Perturbation Bounds for (Nearly) Orthogonally Decomposable Tensors

TL;DR

This paper establishes deterministic perturbation bounds for orthogonally decomposable tensors, revealing unique effects of perturbations on singular values and vectors, with applications in spectral learning and tensor SVD.

Contribution

It introduces novel perturbation bounds for higher-order tensors that differ from matrix results, enabling better analysis in spectral learning tasks.

Findings

Perturbation affects each singular value/vector independently.

Effect on singular vectors is independent of multiplicity or proximity to other singular values.
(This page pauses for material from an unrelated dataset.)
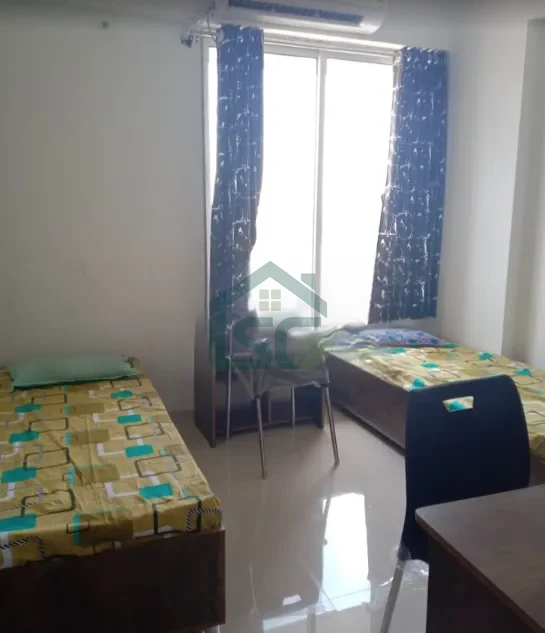 At Yashvi Hostel, Gota, Ahmedabad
Bounds facilitate deriving optimal convergence rates in tensor spectral learning.

Abstract

We develop deterministic perturbation bounds for singular values and vectors of orthogonally decomposable tensors, in a spirit similar to classical results for matrices such as those due to Weyl, Davis, Kahan and Wedin. Our bounds demonstrate intriguing differences between matrices and higher-order tensors. Most notably, they indicate that for higher-order tensors perturbation affects each essential singular value/vector in isolation, and its effect on an essential singular vector does not depend on the multiplicity of its corresponding singular value or its distance from other singular values. Our results can be readily applied and provide a unified treatment to many different problems in statistics and machine learning involving spectral learning of higher-order orthogonally decomposable tensors. In particular, we illustrate the implications of our bounds in the context of high dimensional tensor SVD problem, and how it can be used to derive optimal rates of convergence for spectral learning.